— Task item —
In the entries below, which lines run from the one containing "Valley, Washington Aroma" to the one containing "Chào đón đội tuyển U22 Việt Nam về nước - 18"? Copy exactly those lines, ends included, and no others.

— Data in this exercise —
━━━━━━

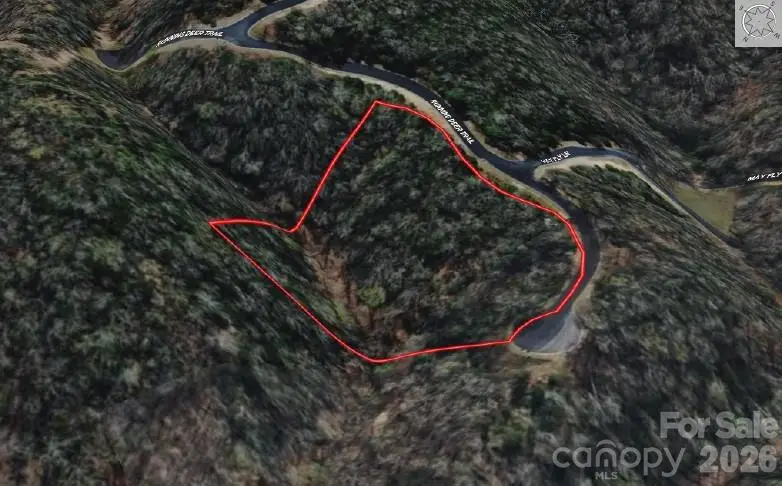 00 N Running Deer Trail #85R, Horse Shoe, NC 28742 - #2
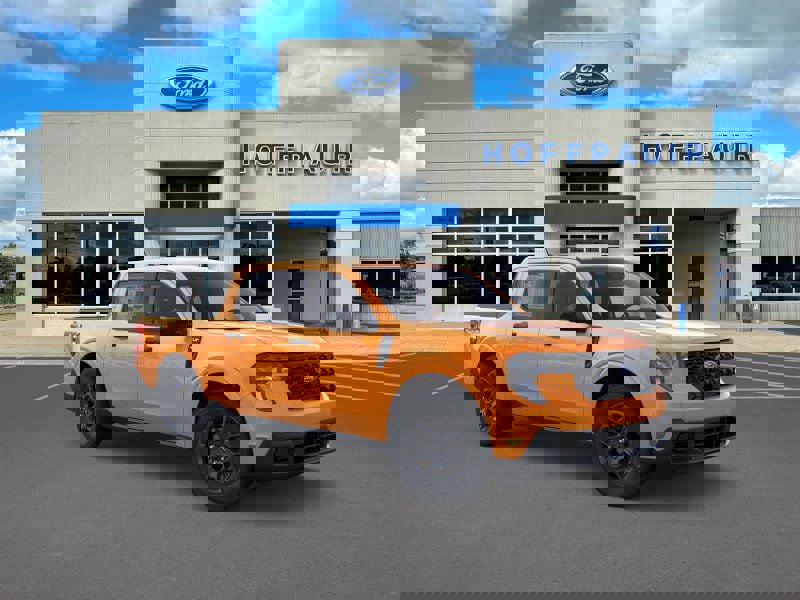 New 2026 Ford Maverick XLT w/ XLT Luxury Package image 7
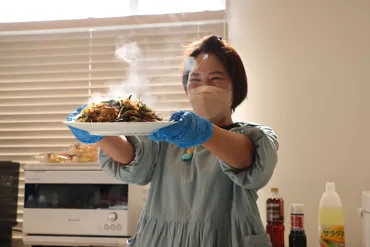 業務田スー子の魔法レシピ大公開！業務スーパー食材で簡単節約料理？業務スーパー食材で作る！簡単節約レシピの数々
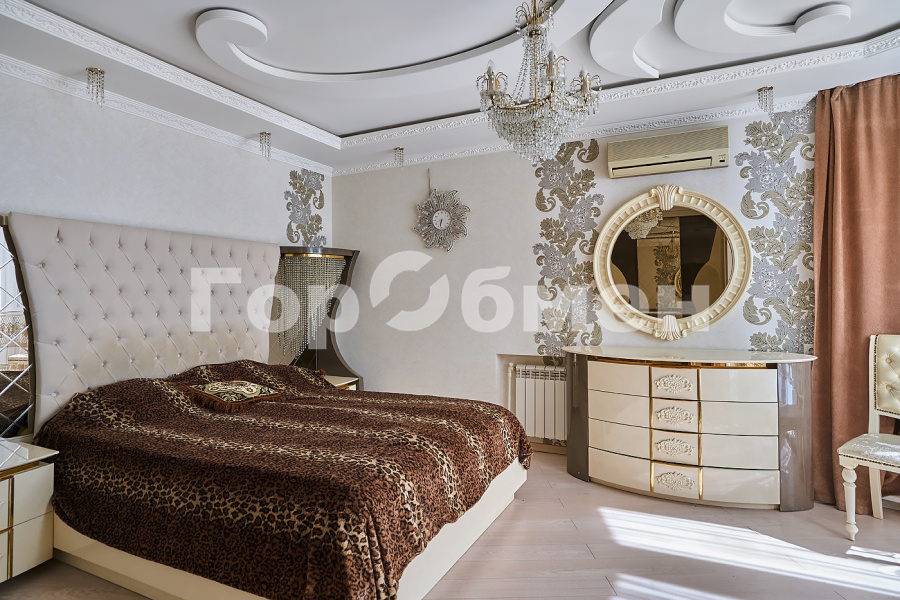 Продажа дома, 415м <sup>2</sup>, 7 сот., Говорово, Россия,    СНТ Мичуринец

━━━━━━

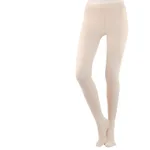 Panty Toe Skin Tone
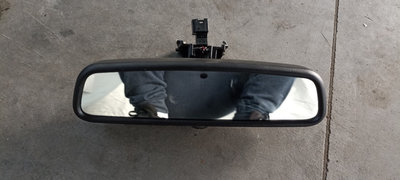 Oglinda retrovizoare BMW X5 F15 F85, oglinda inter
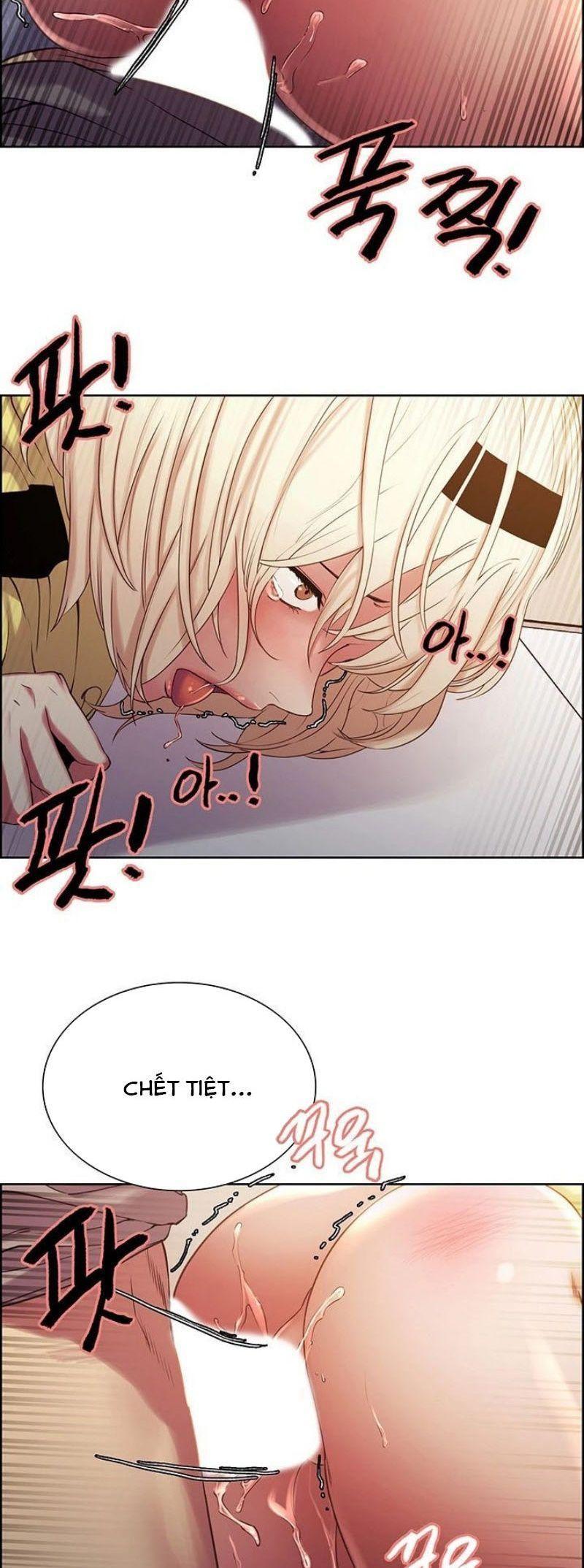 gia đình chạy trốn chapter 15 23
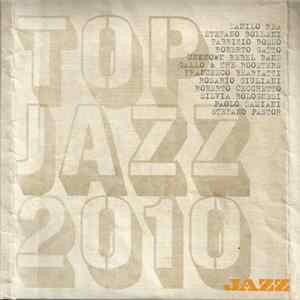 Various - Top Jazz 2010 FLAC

━━━━━━

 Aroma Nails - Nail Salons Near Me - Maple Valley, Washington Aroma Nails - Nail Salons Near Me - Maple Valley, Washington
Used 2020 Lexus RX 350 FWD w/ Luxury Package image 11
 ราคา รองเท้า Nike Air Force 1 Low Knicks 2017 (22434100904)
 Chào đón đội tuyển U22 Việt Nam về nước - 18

━━━━━━

— Finished task —
 Aroma Nails - Nail Salons Near Me - Maple Valley, Washington Aroma Nails - Nail Salons Near Me - Maple Valley, Washington
Used 2020 Lexus RX 350 FWD w/ Luxury Package image 11
 ราคา รองเท้า Nike Air Force 1 Low Knicks 2017 (22434100904)
 Chào đón đội tuyển U22 Việt Nam về nước - 18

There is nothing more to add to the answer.